🤖 AI Summary
This work challenges the prevailing assumption that reinforcement learning (RL) is indispensable for surpassing supervised fine-tuning (SFT) in programming reasoning tasks (e.g., CodeContests, LiveCodeBench), focusing instead on constructing high-quality SFT datasets to enhance small- and medium-scale models.
Method: We propose an instruction-decoupled data filtering paradigm, systematically revealing for the first time the detrimental impact of execution-based filtering on code reasoning distillation.
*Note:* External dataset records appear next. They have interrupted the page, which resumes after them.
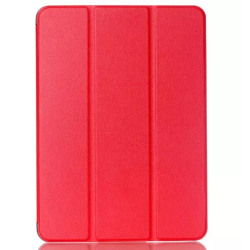 3-fold Magnet Fodral för Apple iPad Pro 9.7"- Röd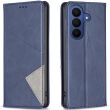 Чехол-книжка с карманами UniCase Geometric Pattern для Samsung Galaxy A37 (A376) - Blue (406000L)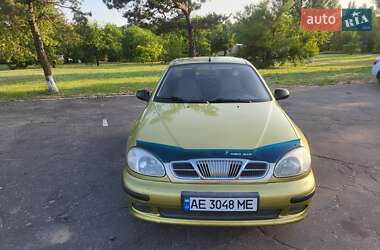 Седан Daewoo Lanos 2007 в 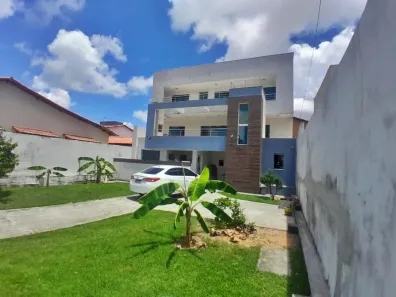 Casa de Condomínio com 3 Quartos à venda, 263m² no Nova Parnamirim, Parnamirim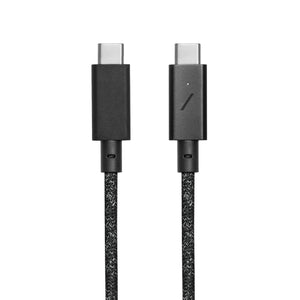 Native Union Desk Cable USB-C to USB-C - Cosmos - Burrows and Hare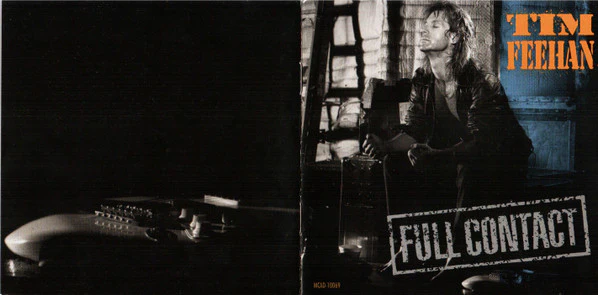 Tim Feehan - Full Contact (CD, Album) - Image 2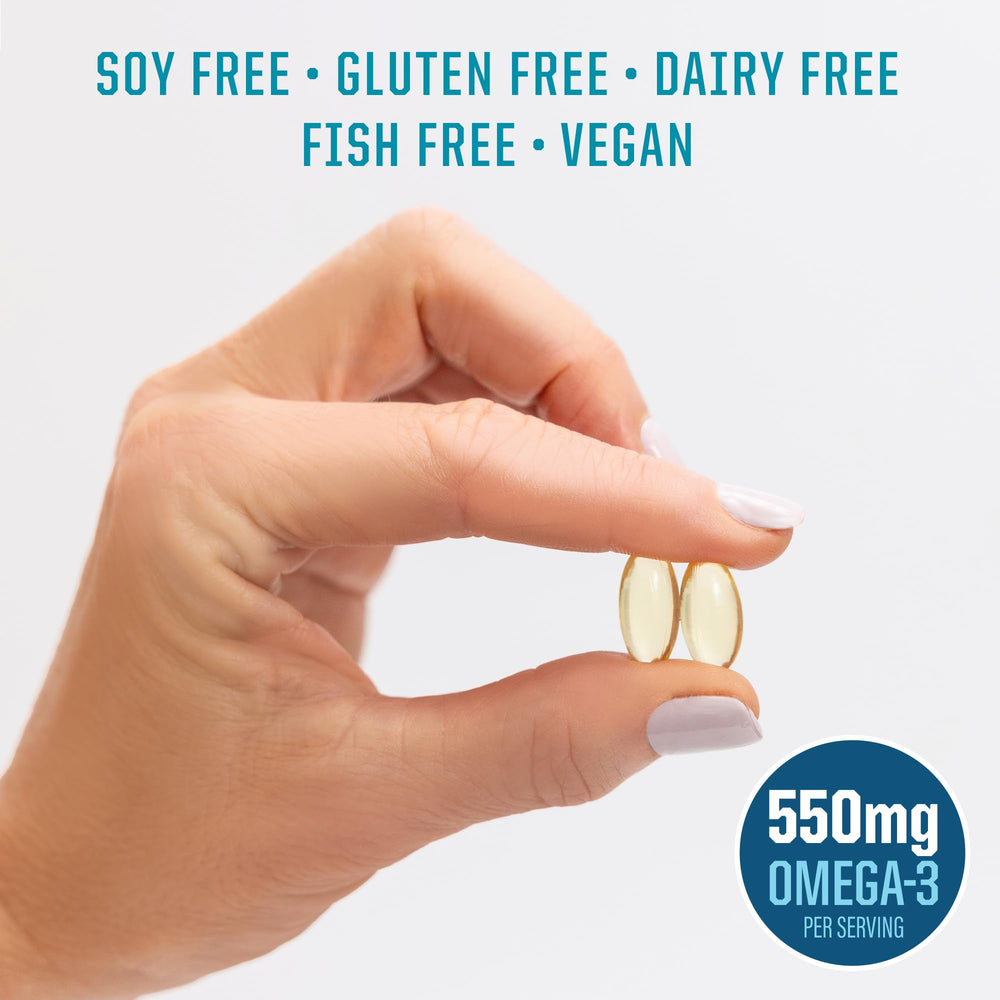 Sunwarrior carrageenan-free seal; third-party tested for purity.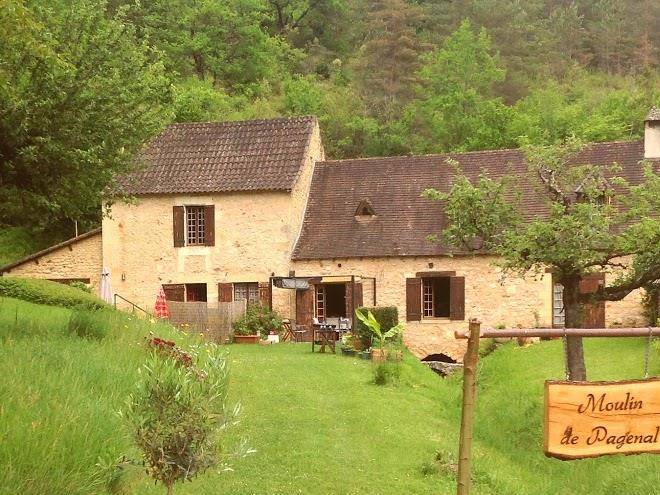 Le moulin de pagenal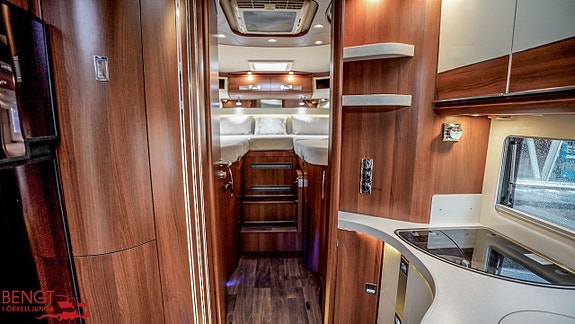Carthago CHIC E-LINE I 50 Yachting 11 of 21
We establish a new principle—“instruction diversity outweighs solution correctness”—and further refine data quality via token-efficiency analysis and reasoning-path validation.
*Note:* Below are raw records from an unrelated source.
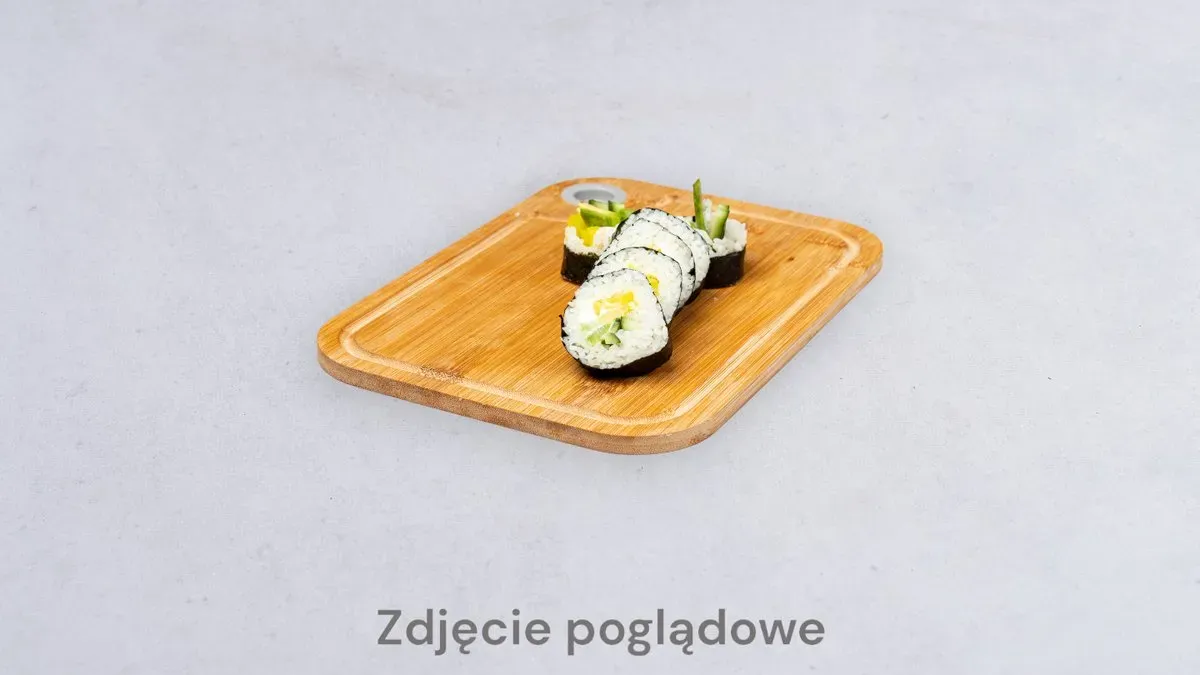 Futomaki ogórek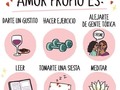 Date un poco de amor en esta cuarentena💕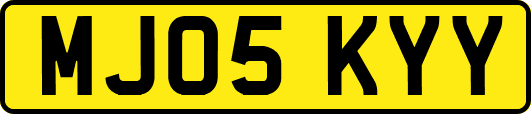 MJ05KYY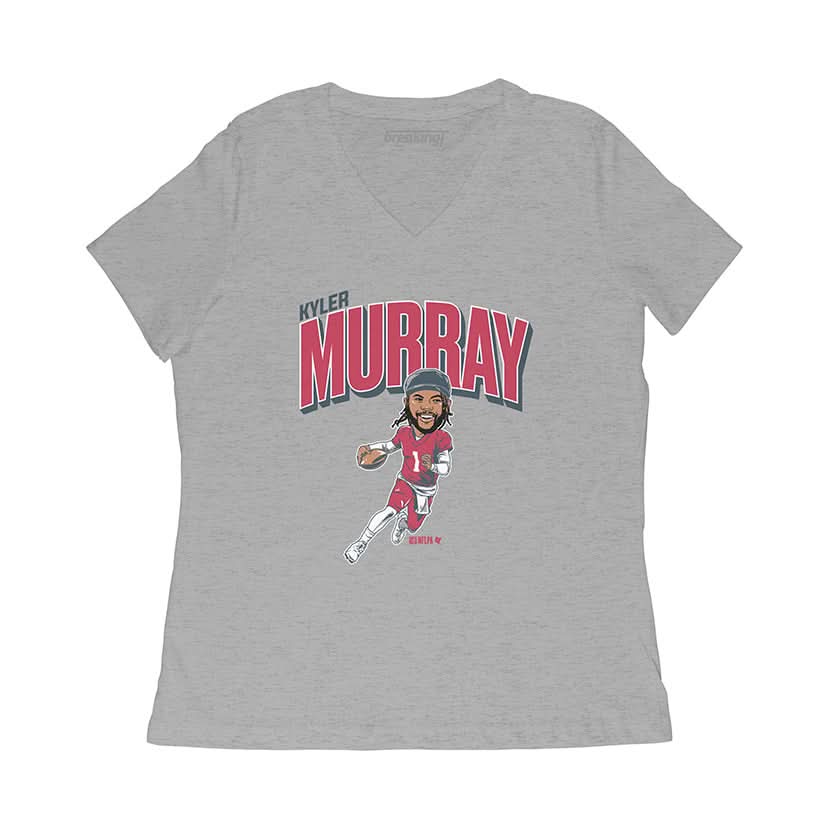 Kyler Murray: Caricature 4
Contribution/Results: We open-source both a high-quality SFT dataset and corresponding models. Empirical results show that SFT-only models achieve 61.8% on LiveCodeBench and 24.6% on CodeContests—substantially outperforming same-scale RL baselines. This demonstrates that carefully curated SFT data is pivotal for advancing programming reasoning capabilities without RL.
📝 Abstract
Since the advent of reasoning-based large language models, many have found great success from distilling reasoning capabilities into student models. Such techniques have significantly bridged the gap between reasoning and standard LLMs on coding tasks. Despite this, much of the progress on distilling reasoning models remains locked behind proprietary datasets or lacks details on data curation, filtering and subsequent training. To address this, we construct a superior supervised fine-tuning (SFT) dataset that we use to achieve state-of-the-art coding capability results in models of various sizes. Our distilled models use only SFT to achieve 61.8% on LiveCodeBench and 24.6% on CodeContests, surpassing alternatives trained with reinforcement learning. We then perform analysis on the data sources used to construct our dataset, the impact of code execution filtering, and the importance of instruction/solution diversity. We observe that execution filtering negatively affected benchmark accuracy, leading us to prioritize instruction diversity over solution correctness. Finally, we also analyze the token efficiency and reasoning patterns utilized by these models. We will open-source these datasets and distilled models to the community.